Yetişkin Bireyler Topluma Hizmete Soyunur
Yaşanan her olay-olgu ve sorunun mutlaka bir geçmişi ve arka planı bulunmaktadır. Sebep-sonuç ilişkisi işin doğasının gereğidir. Her sonucun bir nedeni var. Her sonuç yeni bir nedene yol açar. Onun için denir ki bugünün sorunları dünün çözümlerinden kaynaklanıyor. Maslow’un ihtiyaçlar hiyerarşisinin tepesinde “Kendini geçekleştirilmiş, erdemli, önyargısız, yaratıcı niteliğe erişmiş” gibi yetişkin/ehli-kâmil birey konumuna gelmeyi tanımlar. Nihai olarak her insanın temel amacı piramidin üst basamağı bilinç ve bilgine gelmesi arzulanır. Farkındalıkları yüksek, kararlarını ve oluşan algılarını duygularına göre değil, akıl, mantık ve koşullara göre özünü yoklama bilincine erişmiş doğru bilgi ile ölçüp tartan insanlardır olarak vermeye çalışırlar. Artık kişisel tatminlerini tamamlamış ve topluma hizmet etmeye kendi adamış insanlar bütün gören inşalar olarak tercihli çalışanlardır.

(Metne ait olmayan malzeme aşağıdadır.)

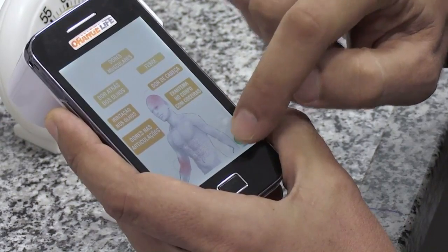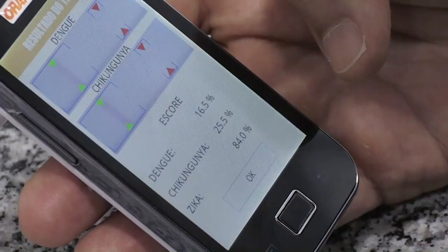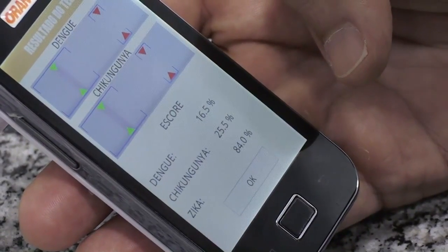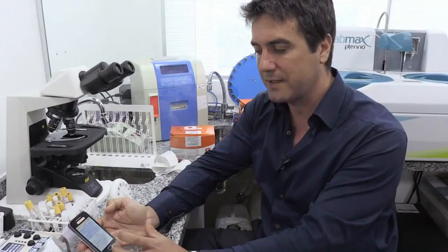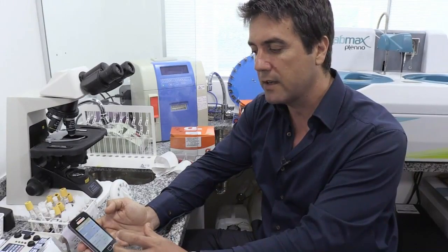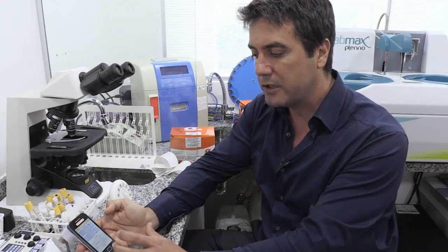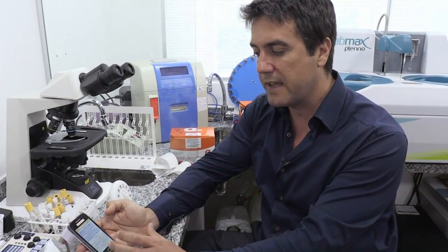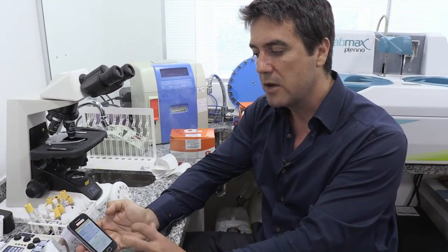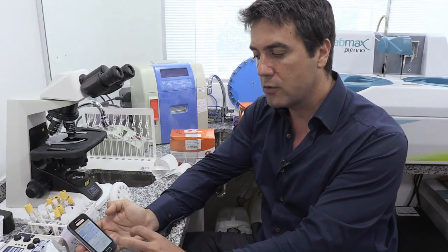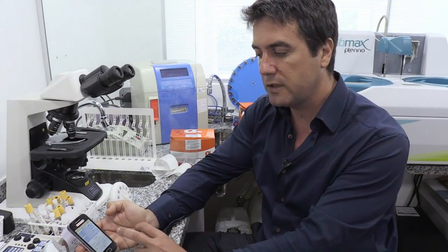And now it gives a final result. The patient has a 16.5% risk of having dengue, a 25.5% risk of having chikungunya, and an 84% risk of having Zika.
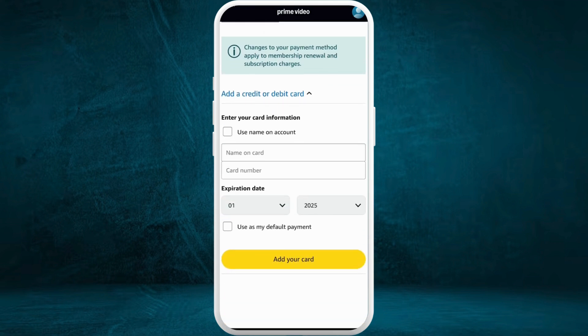From here you can add a new payment method. You can add your credit or debit card — you need to enter the name on the card, enter your card number, and write the expiration date. Once you fill out all this information precisely, tap on the Add Your Card option. Also, if you want to make this your default payment, tap on the checkbox which says Use as My Default Payment.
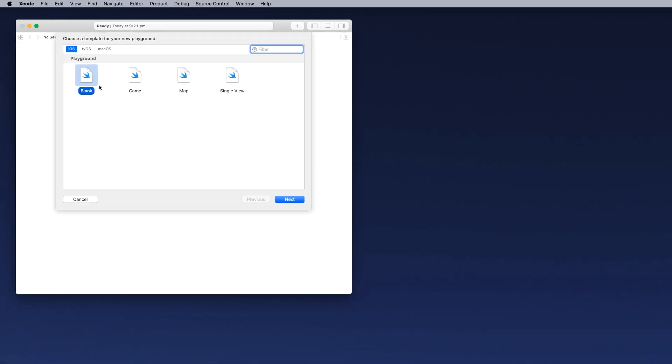So when you go into the playground, the very first thing it's going to ask you to do is the type of device you would like to code for. So we can do it for iOS devices, right through to macOS as well. We can do a blank, we can look at games, a map, and also single view. We're just going to start with a blank project and we're going to click on next.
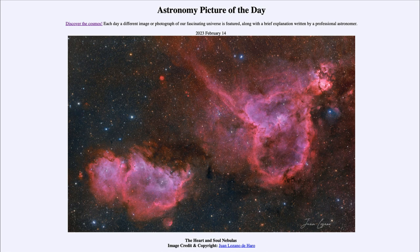Today we get to see the Heart Nebula and the Soul Nebula — consider them the heart and soul of our galaxy — in this image appropriate for Valentine's Day. That was our Astronomy Picture of the Day for February 14th, 2023, titled 'The Heart and Soul Nebulas.' Tomorrow's picture is previewed to be airglow, so we'll see what that's about. Until then, have a great day everyone and I will see you in class.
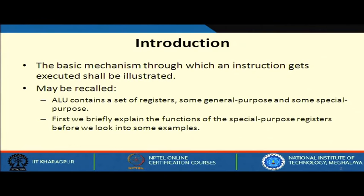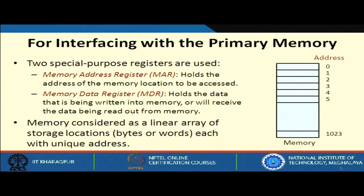Welcome to the next lecture on basic operation of a computer. The basic mechanism through which an instruction gets executed shall be illustrated. Recalling what we discussed in the previous lecture: your ALU has some registers. Some are called special purpose registers and some are general purpose registers. We will first discuss the functions of special purpose registers.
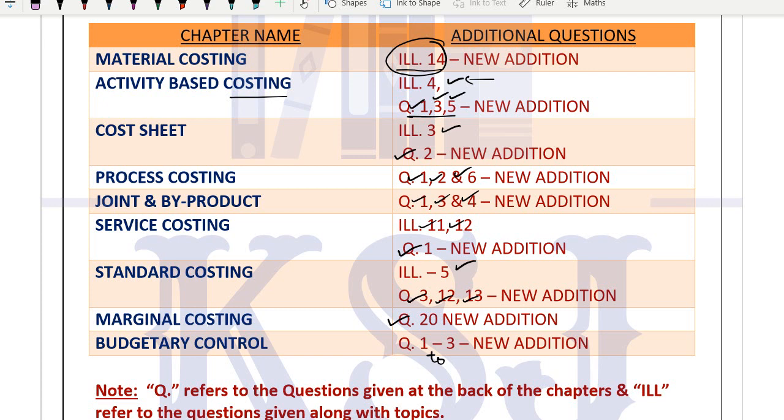This was one change in cost sheet. Otherwise, conceptually no change. Those who have handbooks, everything is the same. Where can you get these questions? The list I've provided - you can get the ICAI module from the ICAI website. Those who have taken my ICAI study material course from mobile app or website will get all these updates there.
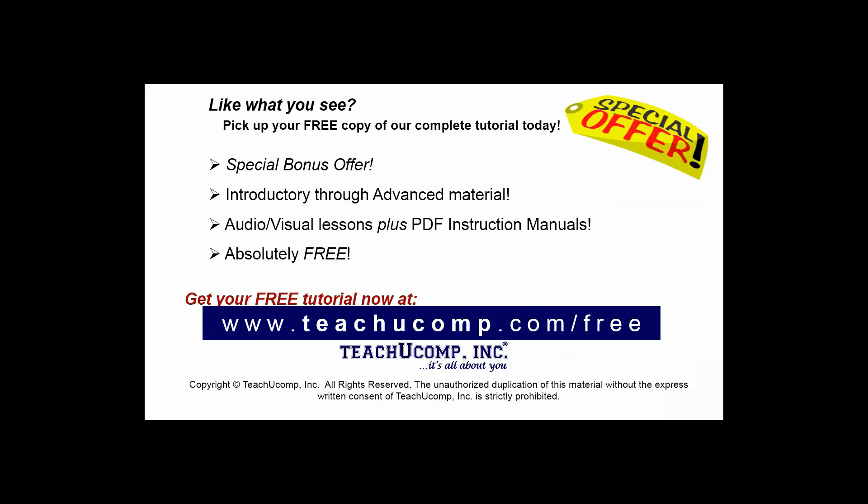Like what you see? Pick up your free copy of the complete tutorial at www.teachyoucomp.com forward slash free.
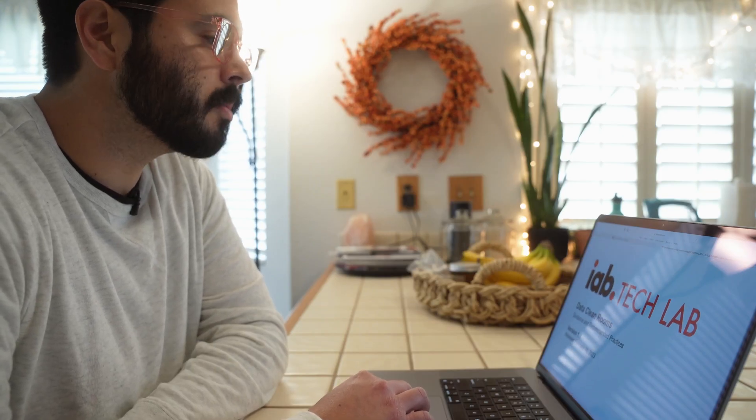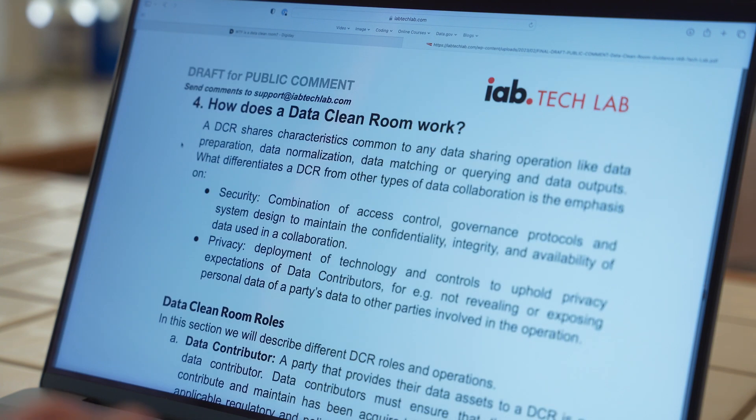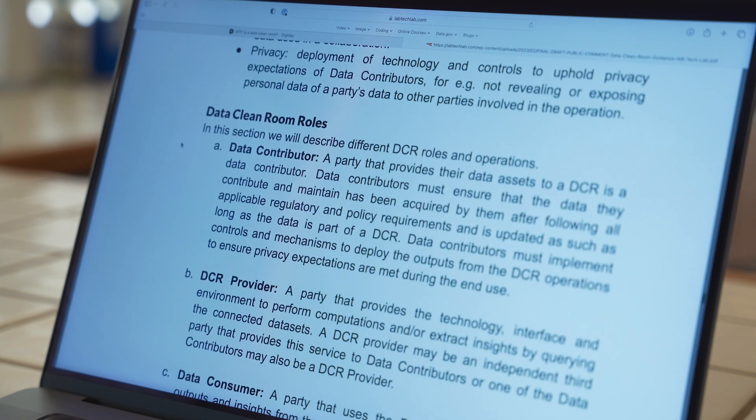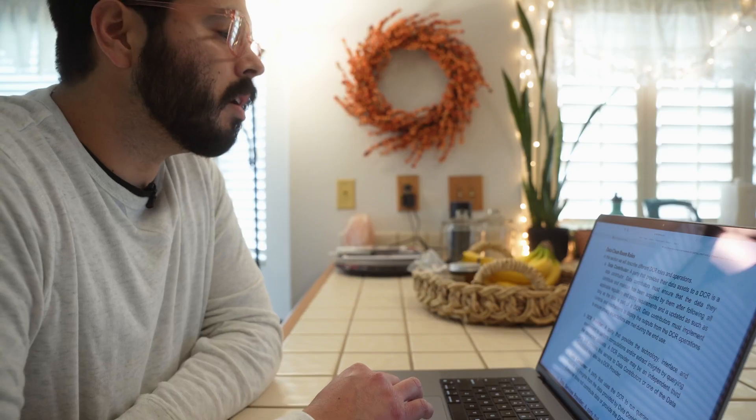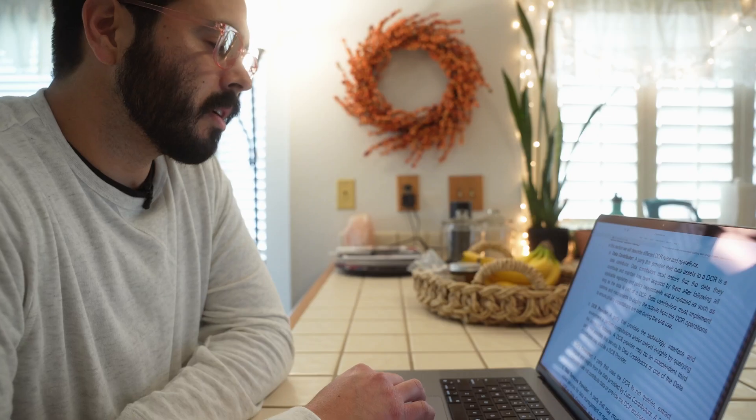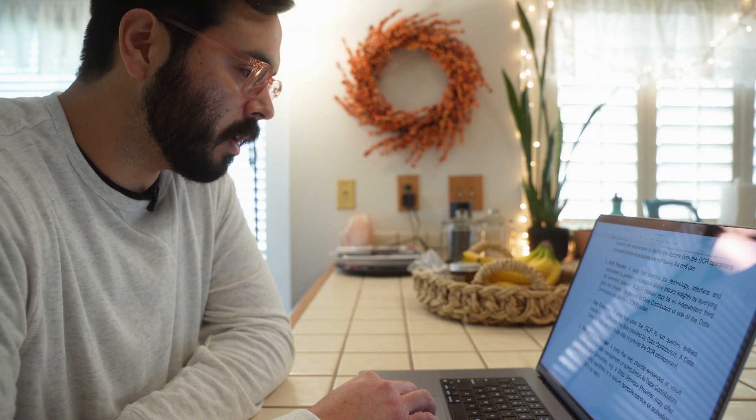How does that work? Pull up this link I just sent you. Alright — "Data Clean Rooms: Guidance and Recommended Practices." Check out pages 16 and 17. How does a data clean room work? Rules. Data contributor — that's me. DCR provider — that would be this cabinet plus a resettable combination lock plus ChatGPT. Data consumer — that would be you and your little friend. Data services provider — also ChatGPT.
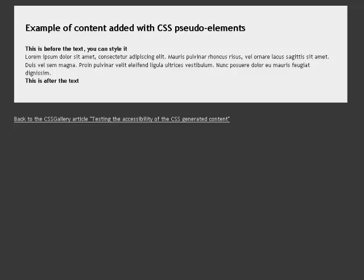Link back to the CSS gallery article, testing the accessibility of the CSS-generated content.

Bizim gibi bir çok sosyal fay hatlarının iç içe geçtiği, devasa sorunları birikmiş bir toplumda problemleri çözmeye kendini adamış insanların kendini aşan bir anlayışla sürece bilinç ve bilgi ile dahil olması beklenir. Ortalama eğitim düzeyi yetersiz, organize olmayı ve sorun çözme becerisi tam sağlayamamış, istenen düzeyde nitelikli insan gücüne dayalı sanayileşmeyi sağlayamamış, insanın yaşam kalitesi istene düzeye gelmemiş ülkelerde topluma hizmet etmeye kendi adamışların bütün sorunların bir anda çözülemeyeceğini bilmek gerekir. Bütün çelişki ve zorlukları ve bunların bileşkelerini doğru analiz eden bir üst akıl ve bilince sahip olmadan, etik değerleri ve normları tam oturmadan, bilimsel bilgi ve bilinci olmadan, sorumluluk bilinci gelişmeden sorunlara çözüm oluşturulamaz.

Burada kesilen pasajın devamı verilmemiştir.